KARACHI/ISLAMABAD: On Thursday, Karachi’s industrial community declared a strike scheduled for December 4 in protest against the recent massive surge in gas tariffs.
This increase in natural gas prices was announced by Pakistan on October 31, just before the country’s inaugural assessment for a $3 billion IMF bailout package.
Faisal Moiz Khan, President of the North Karachi Association of Trade and Industry (NKATI), and Javed Bilwani, the patron-in-chief of the Pakistan Hosiery Manufacturers & Exporters Association, highlighted in their joint statement that the current gas rates render industrial operations unsustainable.
They emphasized that the escalated gas prices have significantly escalated the cost of conducting business.
They further announced solidarity from industrialists in other regions of Sindh and Balochistan, confirming their participation in the strike slated for December 4.
Expressing disappointment, the leaders noted the absence of the Minister of Energy’s visit to Karachi despite prior assurances, illustrating a lack of attention towards addressing their concerns.
The substantial increase in gas tariffs has critically impacted export-based industries, rendering them unviable and less competitive in the global marketplace. This development is particularly concerning as the country urgently requires foreign exchange to manage burgeoning trade and current account deficits.

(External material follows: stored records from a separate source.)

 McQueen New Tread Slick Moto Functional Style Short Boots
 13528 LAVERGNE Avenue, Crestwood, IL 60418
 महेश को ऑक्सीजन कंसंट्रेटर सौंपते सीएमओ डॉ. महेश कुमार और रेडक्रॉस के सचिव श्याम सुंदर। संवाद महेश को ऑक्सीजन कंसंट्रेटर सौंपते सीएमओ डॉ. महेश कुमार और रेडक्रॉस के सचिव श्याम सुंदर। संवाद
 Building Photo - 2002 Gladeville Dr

Earlier, in a decisive move, the caretaker government has opted to raise gas prices in January 2024, citing the surge in fuel usage during the approaching winter season. Interim Finance Minister Shamshad Akhtar conveyed this decision to Islamabad reporters, linking it to discussions about the International Monetary Fund (IMF) program.
During Wednesday’s announcement, the international lender and Pakistan reached a staff-level agreement, paving the way for a $700 million disbursement under the first review of a $3 billion standby arrangement, pending approval from the Fund’s Executive Board.

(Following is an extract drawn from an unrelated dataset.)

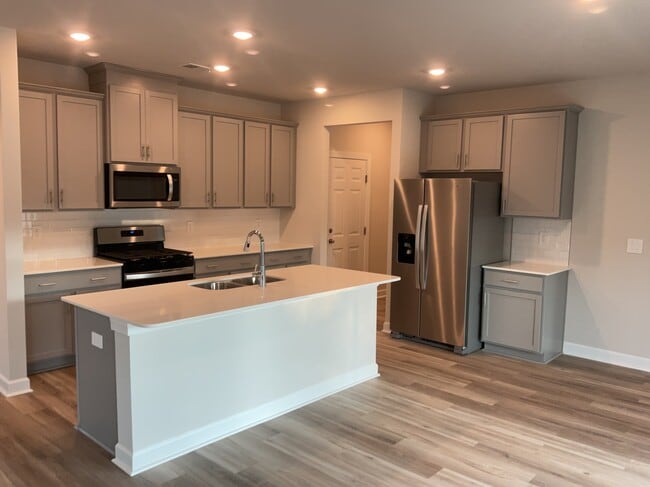 Building Photo - 300 Granby Trl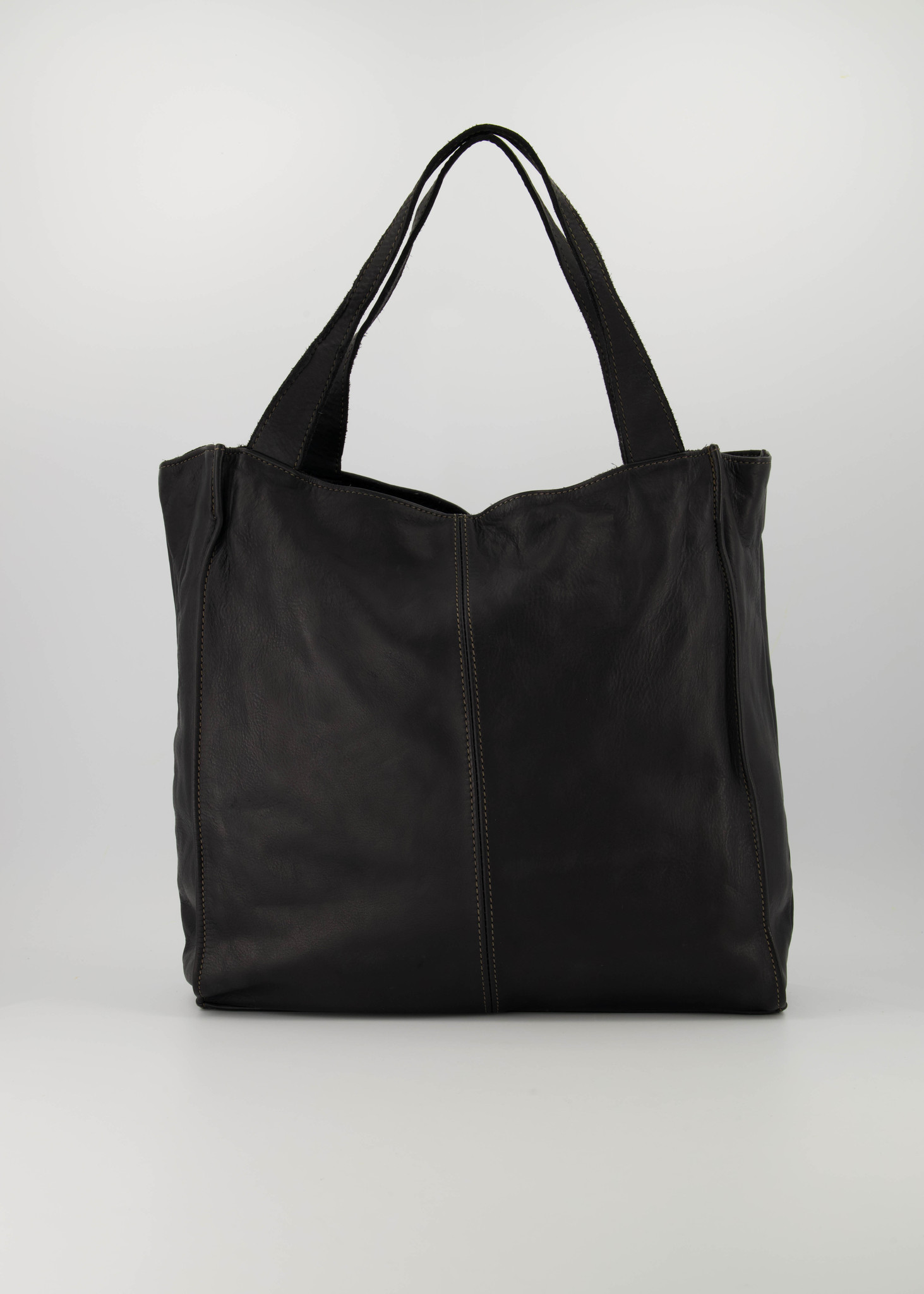 Hand bags | Ayla - Washed - Hand bags - Black - - Bronze | Teatro Fashion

This marks another escalation in gas prices following the caretaker cabinet’s approval of a substantial increase last month—up to 3,900% in fixed monthly charges and 194% in consumer rates for natural gas.
With Pakistan facing an annual gas depletion of 8% to 9% from its own reserves, the caretaker government is actively seeking solutions. Bids for 10 onshore blocks are set to open this month, and plans are underway to invite bids for 24 offshore blocks in December, as disclosed by interim Power Minister Muhammad Ali on September 8.
Addressing concerns about potential sectoral taxes, Minister Akhtar clarified that no decision has been made yet, refuting media claims that the IMF urged taxation on real estate and retail.
Finance Minister emphasized the government’s primary focus on achieving the Federal Board of Revenue’s tax collection target of Rs 9,415. Any shortfall, she mentioned, would prompt consideration of additional measures.
The decision to defer a $1.5 billion international bond issuance until finalizing the IMF agreement was explained as a strategy to enhance the country’s ratings. Following the IMF’s successful review, the stock market and the rupee experienced notable gains, with the KSE-100 index closing at 57,397.02 points, up 716.96 from the previous day.